Intel's budding status as an artificial-intelligence winner will be tested when the company reports earnings on Thursday.
While the company has struggled to gain ground in the market for AI accelerators, its central processing units for servers are seemingly in demand as AI systems become more complex. That could drive upbeat results for the latest quarter, Wedbush analyst Matt Bryson wrote recently.
"As AI moves from simple assistants to autonomous agents that plan and execute tasks, the requirement for general-purpose compute is accelerating," HSBC analyst Frank Lee added in an upgrade of Intel's stock earlier this week, referring to operations carried out by CPUs.

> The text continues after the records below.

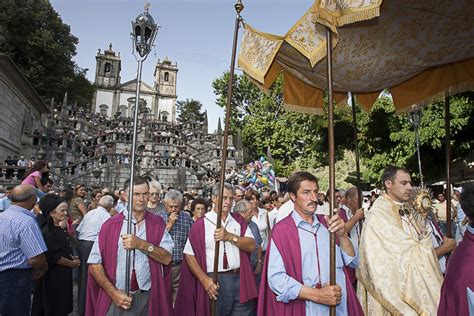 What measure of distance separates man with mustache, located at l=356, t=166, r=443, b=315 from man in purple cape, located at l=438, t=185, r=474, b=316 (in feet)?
2.29

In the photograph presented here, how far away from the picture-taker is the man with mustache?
337cm

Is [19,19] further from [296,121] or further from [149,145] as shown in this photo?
[296,121]

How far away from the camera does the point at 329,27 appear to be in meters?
3.40

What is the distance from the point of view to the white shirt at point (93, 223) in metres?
6.69

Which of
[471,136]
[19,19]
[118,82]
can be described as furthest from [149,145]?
[118,82]

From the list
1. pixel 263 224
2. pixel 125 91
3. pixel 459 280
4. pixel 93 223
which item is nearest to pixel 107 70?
pixel 125 91

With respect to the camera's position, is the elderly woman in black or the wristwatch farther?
the elderly woman in black

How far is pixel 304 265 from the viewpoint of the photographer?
3.02 m

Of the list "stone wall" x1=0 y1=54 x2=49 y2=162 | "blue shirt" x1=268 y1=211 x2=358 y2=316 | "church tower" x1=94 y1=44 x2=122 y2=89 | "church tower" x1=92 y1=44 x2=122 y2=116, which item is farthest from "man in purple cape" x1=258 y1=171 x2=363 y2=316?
"church tower" x1=94 y1=44 x2=122 y2=89

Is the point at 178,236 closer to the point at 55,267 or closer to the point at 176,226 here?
the point at 176,226

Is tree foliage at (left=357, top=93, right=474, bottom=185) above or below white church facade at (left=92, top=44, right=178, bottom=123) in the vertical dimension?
below

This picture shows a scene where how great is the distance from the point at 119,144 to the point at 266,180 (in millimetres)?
15396

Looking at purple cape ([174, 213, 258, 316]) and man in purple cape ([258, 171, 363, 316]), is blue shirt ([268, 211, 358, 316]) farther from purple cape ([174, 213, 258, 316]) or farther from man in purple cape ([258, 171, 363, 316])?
purple cape ([174, 213, 258, 316])

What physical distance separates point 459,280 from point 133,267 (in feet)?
9.20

Optimism about Intel's CPU momentum - and potential signs of life in the company's manufacturing business - have recently made the stock a winner. Shares have increased 47% so far this year to rank third among S&P 500 gainers for 2026. They finished up 11.7% in Wednesday's session alone, and at $54.25 saw their highest close since Jan. 18, 2022, according to Dow Jones Market Data.

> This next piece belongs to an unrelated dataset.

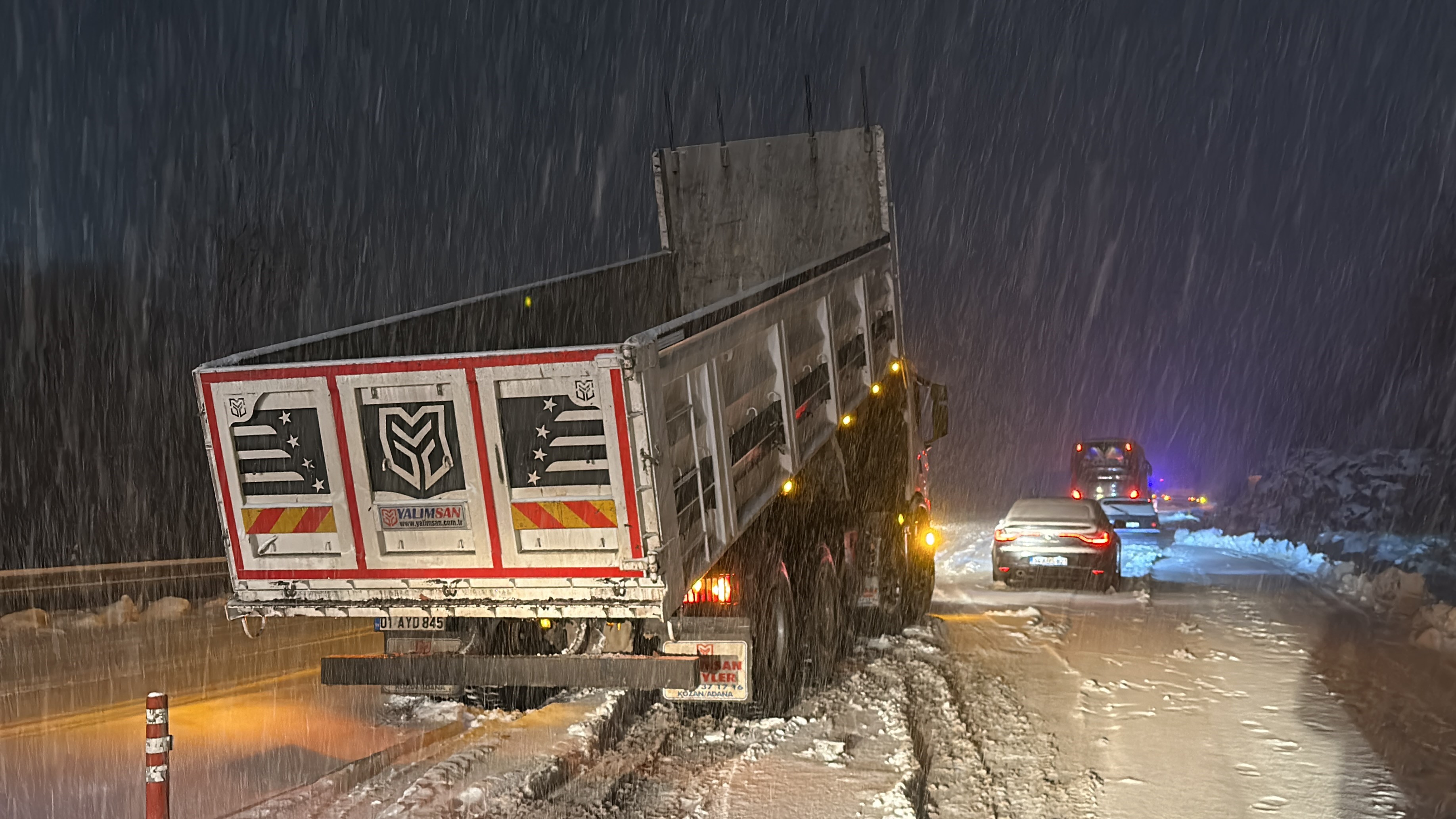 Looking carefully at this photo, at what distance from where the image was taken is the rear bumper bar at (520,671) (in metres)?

In light of that strong rally, the question is whether Intel's strength in server CPUs can make up for some issues elsewhere in the business. For instance, Wedbush's Bryson noted that Intel faces risks around rising memory costs, which could affect the company's margins and crimp demand for personal computers.
Intel's ongoing challenges were also highlighted by Bernstein analyst Stacy Rasgon, who said the company has lost market share in its server business. Another problem for Intel could be that customers are still choosing its older products over its newer offerings, he added, a trend that muddies the idea that the company is experiencing supply constraints in server CPUs.
He also mentioned worries about the personal-computer business. "While it feels like beating a dead horse we still believe CPUs have been over-shipping PCs for some time," Rasgon said in a Wednesday note, adding that this dynamic could come to a head this year if increasing memory prices hurt PC shipments.
Intel is expected to report adjusted earnings of 8 cents a share on revenue of $13.4 billion for the fourth quarter, according to FactSet.
The chip maker's client-computing group, which includes PCs, is expected to account for $8.4 billion in revenue, while its data-center and AI segment is projected to see $4.4 billion in revenue.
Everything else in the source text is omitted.